No injuries were reported among farm employees or firefighters.
Hoffland Dairy, at 9510 Haley Rd., is in Dover Township, a couple miles southeast of Clayton, which during the 2010 census had only 344 residents — less than one quarter of the cow headcount at the dairy, which is one of southeast Michigan's many concentrated animal feeding operations.
Like many dairy CAFOs, Hoffland rotates its 1,600-head herd in shifts through a building known as the "milking house" to be mechanically milked.
Although Clayton fire investigators have tentatively listed the cause of the fire as undetermined, an electrical transformer blew just before Hoffland's milking house caught fire.
The subsequent power outage was when witnesses first noticed smoke and fire, Assistant Chief Roe said.

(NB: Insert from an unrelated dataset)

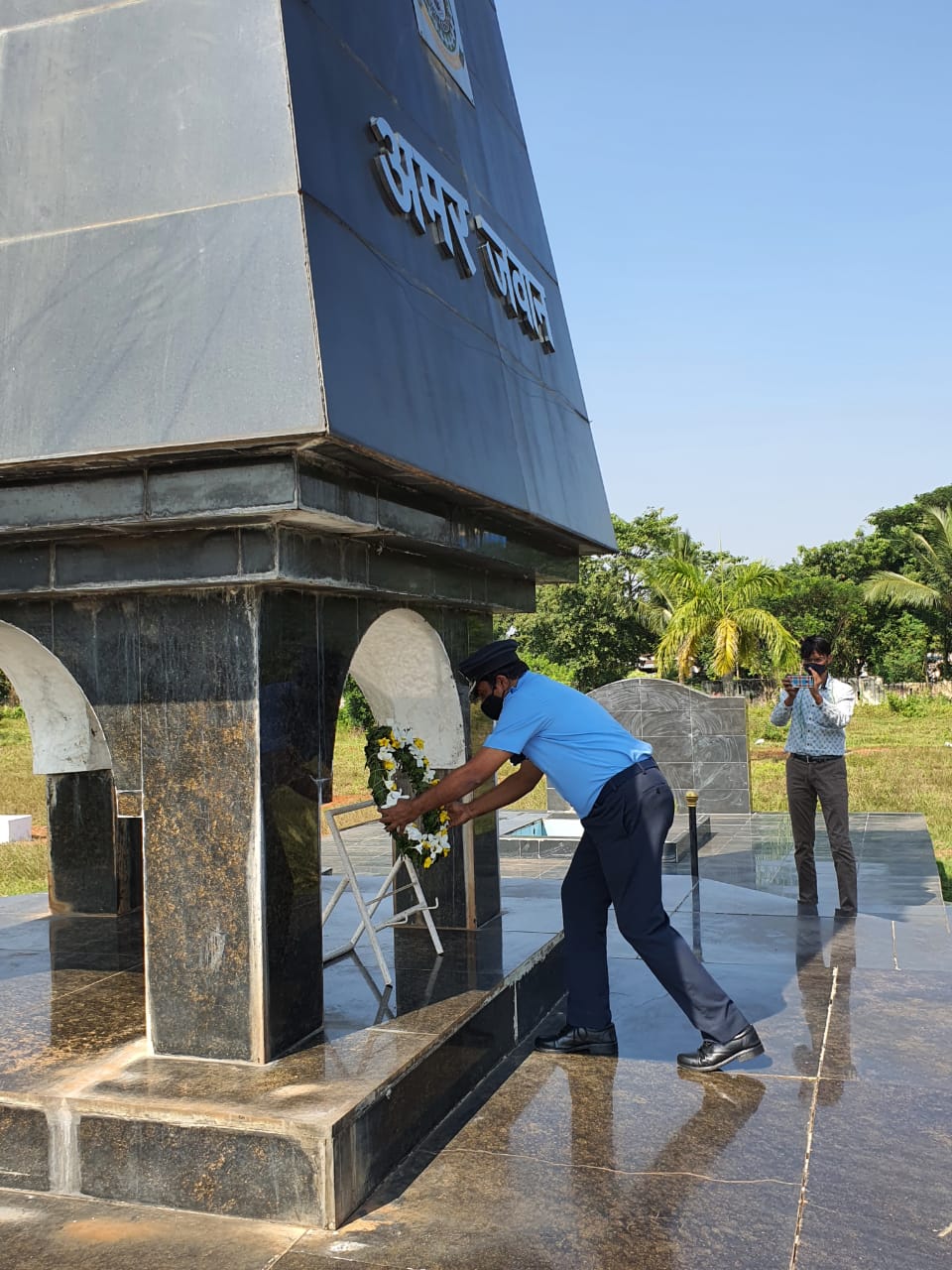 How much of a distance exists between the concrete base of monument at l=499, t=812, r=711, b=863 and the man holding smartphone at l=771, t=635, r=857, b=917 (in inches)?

Investigators are trying to determine whether or not the fire was a direct result of the malfunctioning transformer, he said.
"When we got there, the building was on fire," Assistant Chief Roe said. "There was heavy fire, heavy smoke showing. In the part of the building we were fighting, the steel roof collapsed. All of our fighting was exterior."

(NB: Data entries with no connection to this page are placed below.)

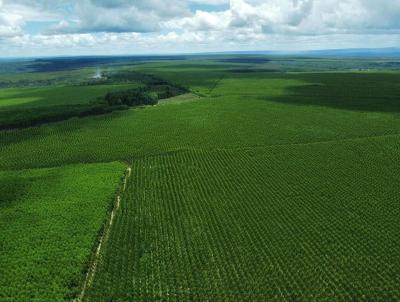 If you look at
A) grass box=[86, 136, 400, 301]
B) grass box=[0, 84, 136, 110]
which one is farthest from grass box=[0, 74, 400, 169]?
grass box=[0, 84, 136, 110]

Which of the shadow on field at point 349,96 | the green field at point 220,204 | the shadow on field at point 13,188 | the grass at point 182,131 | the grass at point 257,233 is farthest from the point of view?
the shadow on field at point 349,96

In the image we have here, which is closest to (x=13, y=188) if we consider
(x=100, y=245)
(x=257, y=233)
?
(x=100, y=245)

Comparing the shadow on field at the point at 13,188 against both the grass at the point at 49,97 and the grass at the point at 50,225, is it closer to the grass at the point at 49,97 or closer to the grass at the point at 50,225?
the grass at the point at 50,225

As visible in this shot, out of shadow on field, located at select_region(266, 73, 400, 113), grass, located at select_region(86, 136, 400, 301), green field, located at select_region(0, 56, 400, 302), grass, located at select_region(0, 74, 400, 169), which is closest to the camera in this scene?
grass, located at select_region(86, 136, 400, 301)

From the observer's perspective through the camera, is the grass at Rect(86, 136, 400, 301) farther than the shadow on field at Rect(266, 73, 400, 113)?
No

The blaze was so big and ferocious it drew about 60 firefighters across eight departments.
In addition to the Clayton Fire Department, fire departments from Hudson, Morenci, and Addison, Mich., sent firefighters to the scene, as did Madison, Adrian, Raisin, and Cambridge townships.
An estimated 70,000 to 80,000 gallons of water were used, much of it drawn from nearby Hudson Lake.
The departments cited their mutual-aid pact as effective in multiple Facebook posts, suggesting the fire could have been a whole lot worse.
As it was, there was pretty impressive coordination among farmers to move surviving cows to safety as firefighters continued to battle the blaze for nearly five hours, Assistant Chief Roe said.
"There was a lot of help from the farming community," he said. "There were semis after semis, and cow trailer after cow trailer coming. All of the farms in the area were taking as many as they could. It's cool how everybody came together to help them."
He said they cleared the scene at 5:43 p.m., nearly five hours after receiving a dispatcher's initial fire call at 12:49 p.m.
The fire did not spread beyond the milking house, and a damage estimate was not immediately available.
The dairy's owner, Luke Vanderhoff, could not be reached for comment.
The Michigan Department of Agriculture & Rural Development sent an inspector there Wednesday, said Jennifer Holton, the agency's communications director.
A Michigan Farm Bureau spokesman, Jonathon Adamy, said the state's milk production usually is strong enough to withstand such tragedies, but said he would attempt to provide more specific comment later.